Databricks architecture overview

The Databricks Unified Data Analytics Platform, from the original creators of Apache Spark, enables data teams to collaborate in order to solve some of the world’s toughest problems.

High-level architecture

Databricks is structured to enable secure cross-functional team collaboration while keeping a significant amount of backend services managed by Databricks so you can stay focused on your data science, data analytics, and data engineering tasks.

Databricks operates out of a control plane and a data plane.

  • The control plane includes the backend services that Databricks manages in its own Google Cloud account. Notebook commands and many other workspace configurations are stored in the control plane and encrypted at rest.
  • The data plane is managed by your Google Cloud account and is where your data resides. This is also where data is processed. You can use Databricks connectors so that your clusters can connect to external data sources outside of your Google Cloud account to ingest data or for storage. You can also ingest data from external streaming data sources, such as events data, streaming data, IoT data, and more.

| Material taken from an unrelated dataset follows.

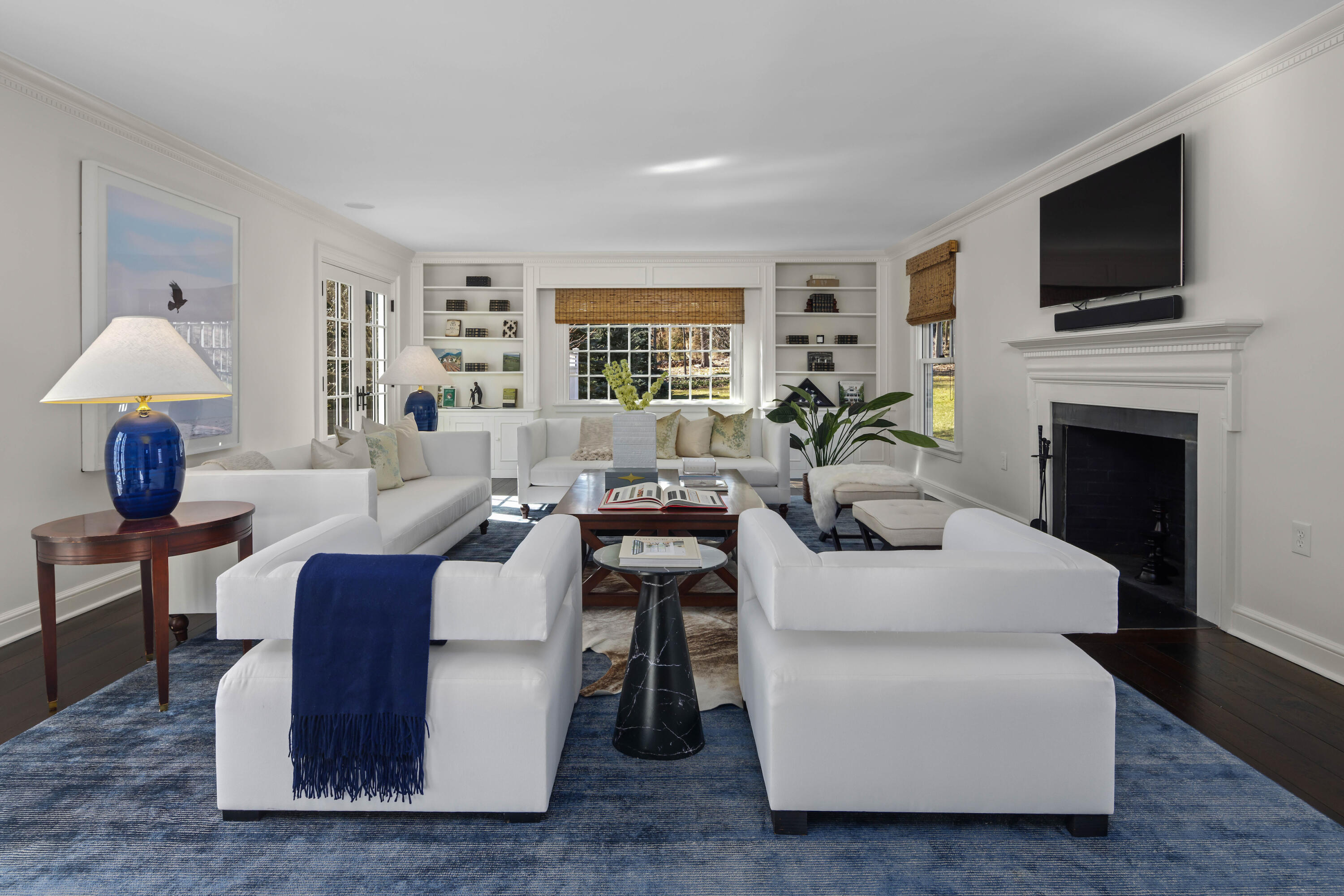 8 Hanson Road Darien, CT 06820 - Photo 4 of 38 a living room with fireplace furniture and a flat screen tv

The following diagram represents the flow of data for Databricks on Google Cloud:

Databricks architecture

Your data always resides in your Google Cloud account in the data plane and in your own data sources, not the control plane, so you maintain control and ownership of your data.

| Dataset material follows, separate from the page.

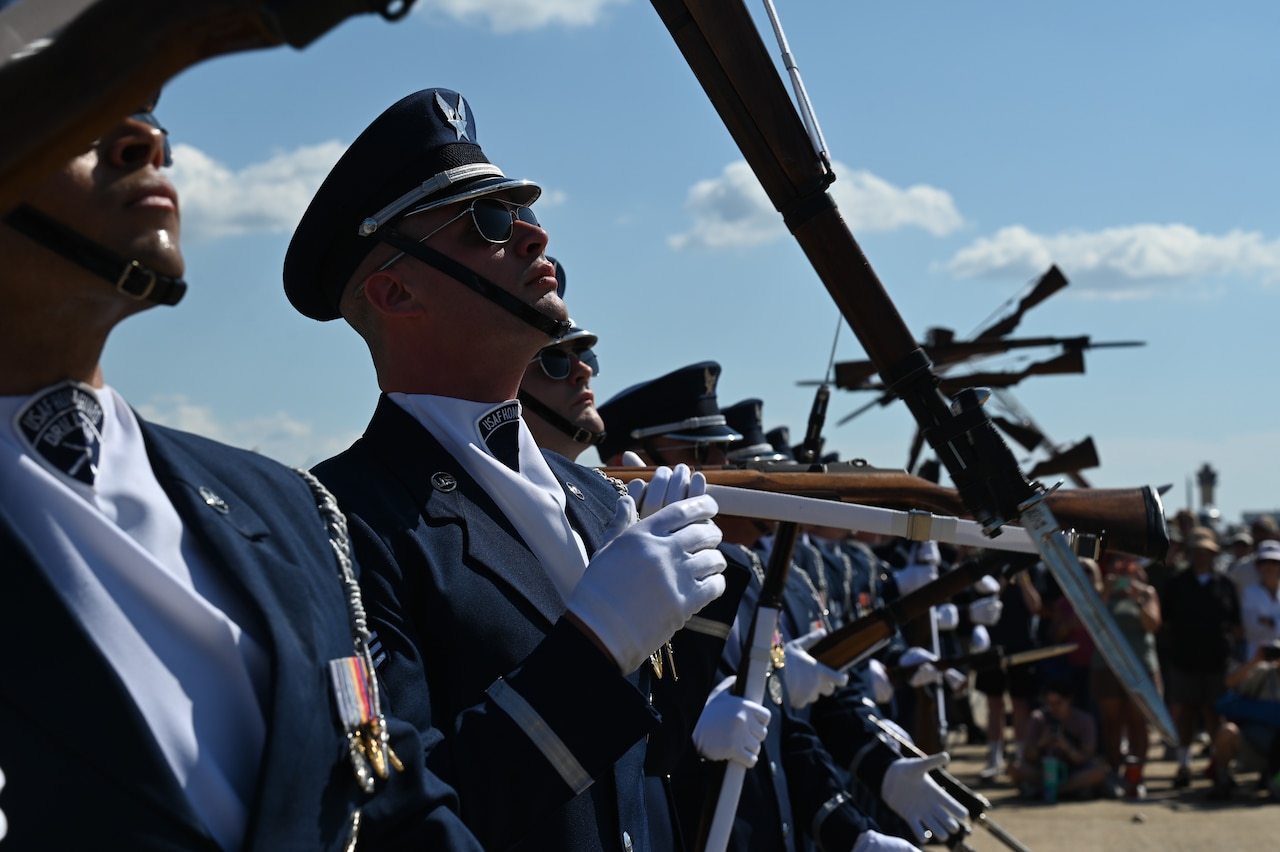 Airmen dressed in honor guard uniforms toss their rifles in the air while performing in a line formation on a tarmac.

Job results reside in storage in your account. Interactive notebook results are stored in a combination of the control plane (partial results for presentation in the UI) and your Google Cloud storage.

Note

If you want interactive notebook results stored only in your cloud account storage, you can ask your Databricks representative to enable interactive notebook results in the customer account for your workspace. Note that some metadata about results, such as chart column names, continues to be stored in the control plane. This feature is in Public Preview.